S27(1) applies where a person has sold goods to a buyer and property passes but the buyer leaves the goods in the possession of the seller. If the seller then goes on to resell the property to an innocent third party, s 27(1) SGA will provide protection to the second purchaser. The reason behind this is that through the eyes of a third party, the owner, by leaving goods in the possession of the seller, has changed nothing, even though title has been affected. In consequence, it is the owner of the goods, who has left them in the possession of the seller and created such an appearance that the person in possession of the goods has the right to sell them, who must bear the loss as between him or her and an innocent buyer from the seller in possession. For s 27(1) to apply the seller must have continuous physical possession of the goods (Pacific Motor Auctions v Motor Credits Ltd) or, if goods are not in the seller's possession at the time of the sale, afterwards came into his or her possession. S 27(1) does not apply where there is a break in the continuity of physical possession (Mitchell v Jones).

Mitchell v Jones

Sale of horse to buyer and property and possession transferred to the buyer. A few days later the buyer leased the horse back to the seller, who then sold it to Buyer 2, a bona fide buyer with no knowledge of the previous transactions. Buyer 2 argued that the seller was a seller in possession and as such he should have a good title. Ct rejected this, saying there was a break in the continuity of physical possession by the seller after he sold the horse to the appelent, the seller having made delivery of the horse to the appellant. Had the buyer not taken possession at all and just left it with the seller then set up the lease, s27(1) would apply.

Jethcott v Andrew Motors

Seller advertised car for sale; buyer 1, a dishonest person, paid for it with a known bad cheque. Buyer 1 sold to buyer 2, an innocent third party. Ct held that seller bore the loss and buyer 2 got good title because the seller still voluntarily handed over possession (even though duped into doing so)

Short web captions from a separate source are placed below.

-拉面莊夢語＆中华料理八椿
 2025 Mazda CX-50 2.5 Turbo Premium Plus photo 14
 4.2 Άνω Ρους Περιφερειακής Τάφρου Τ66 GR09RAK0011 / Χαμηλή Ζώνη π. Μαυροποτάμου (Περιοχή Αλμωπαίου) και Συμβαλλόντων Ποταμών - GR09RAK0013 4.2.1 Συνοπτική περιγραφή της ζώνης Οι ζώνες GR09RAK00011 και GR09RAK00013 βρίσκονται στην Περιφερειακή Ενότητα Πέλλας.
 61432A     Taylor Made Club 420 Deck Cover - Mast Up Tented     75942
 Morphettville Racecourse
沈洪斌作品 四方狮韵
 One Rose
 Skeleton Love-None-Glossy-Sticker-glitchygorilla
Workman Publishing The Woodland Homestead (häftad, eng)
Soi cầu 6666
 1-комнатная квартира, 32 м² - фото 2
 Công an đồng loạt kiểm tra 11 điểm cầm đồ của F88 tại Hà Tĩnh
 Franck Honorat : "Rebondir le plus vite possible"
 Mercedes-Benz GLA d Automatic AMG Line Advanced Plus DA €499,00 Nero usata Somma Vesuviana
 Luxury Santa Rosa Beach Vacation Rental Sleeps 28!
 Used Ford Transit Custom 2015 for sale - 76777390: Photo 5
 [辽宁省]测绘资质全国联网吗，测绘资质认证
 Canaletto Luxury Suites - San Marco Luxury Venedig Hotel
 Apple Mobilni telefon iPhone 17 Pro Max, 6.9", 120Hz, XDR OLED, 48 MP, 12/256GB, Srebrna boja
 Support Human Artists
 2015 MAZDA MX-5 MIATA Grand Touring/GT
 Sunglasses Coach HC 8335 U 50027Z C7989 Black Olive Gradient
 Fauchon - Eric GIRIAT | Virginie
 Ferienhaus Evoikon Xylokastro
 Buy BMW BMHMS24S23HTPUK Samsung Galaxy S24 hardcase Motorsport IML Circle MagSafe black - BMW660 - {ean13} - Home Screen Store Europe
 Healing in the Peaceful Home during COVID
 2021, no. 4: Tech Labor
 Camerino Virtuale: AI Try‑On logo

Elwin v O'Regan and Maxwell and National Employers' Mutual General Insurance Assoc Ltd v Jones

Both of these cases have broadly the same facts. HP company gave to A an option to purchase a car. A got possession of the car, who sold it down a chain of buyers to E, a bona fide purchaser. A stopped paying. The Company wanted the car back upon discovering it was in E's possession. Note in National Employers, the car was stolen at first. The court held that the starting point is nemo dat rule. Here, there are no statutory exceptions and the thief cannot give good title. The chain of buyers makes no difference. E tried to apply s27(2), saying that the sale to them by D has the same effect as if D was a mercantile agent of C etc. The Court refused to apply this to a chain in this way - the apparent consent of the original owner is required.

Blake v Melrose

Breach of the implied warranty that the goods are free from any charge. As this is a warranty and not a condition, the appropriate remedy for the breach is damages and rescission is not available. However, the damages recoverable are not limited to the purchase price and can include other loses suffered. The buyer (who was a car dealer) was thus also entitled to the lost profit that he would have got on the car he had bought as it was foreseeable that the dealer would have made a profit.

Rowland v Divall

Buyer bought a car and used it for a long period of time (4months) before the owner tuned up and demanded it back. The buyer then demanded the purchase price back from the honest seller (who had also been conned). Buyer entitled to money back from seller but the seller said that the buyer had had the use of the car for 4 months so he wanted a reduction in the amount he had to pay as there was not a total failure of consideration. However, the court said that buyer had wanted property in the car which he had not been given, not simply possession. A sale by definition is the passing of property. The consideration of the sale had thus totally failed and the buyer was entitled to the full amount.

Mason v Burningham

Buyer bought a typewriter from a seller which turned out to be stolen. It was a second hand type writer which needed repairs. The buyer had spent money on the repairs. Following this the true owner turned up and took it back. Buyer was entitled to not only the purchase price but the money paid to fix it up as they were foreseeable repair costs

Niblett v Confectioner's Materials Co Ltd

Seller agreed to sell a quantity of tins of condensed milk to be sent from NY to London. When the tins arrived, they were found to bear the name "Nissly", and the Nestle company claimed this breached their trademark and sought an injunction to stop the seller selling the goods. In order to obtain possession of the goods from customs, the buyer was obliged to remove the label, and the goods could be sold only at a loss with no marking on them. Seller was held to be breaching s14(a) because the court held that if a third party can intervene and stop a sale (which Nestle could), there is no right to sell This also breached s14(b) which gives a warranty that the buyer shall have and enjoy quiet possession, which could not happen if Nestle trying to get an injunction

Louis Dreyfus Trading Ltd v Reliance Trading Ltd

Seller sold sugar to a buyer. Seller already had an exclusivity agreement with a third party to only sell him the goods. The third party got an injunction to restrain the sale. This was held to be a breach of s14(b) - eg another person's interest will breach quiet enjoyment

Pacific Motor Auctions Pty Ltd v Motor Credits

Dealer had cars for sale and sold them on HP to finance company but kept possession. The finance company then revoked authority to sell the cars. In spite of this, the dealer sold the cars to Buyer 2. The finance co wanted the cars back. Argument was that the dealer was only a bailee of the cars and could not give a good title as it had formerly been held that, for the seller in possession exception to the nemo dat rule to operate, the seller had to be in possession of the goods as seller and not in some other capacity as bailee. The Court rejected this argument on the grounds that, although there was a bailment, it is all about appearances and, where there is continuous possession, it looks like the dealer is still the owner.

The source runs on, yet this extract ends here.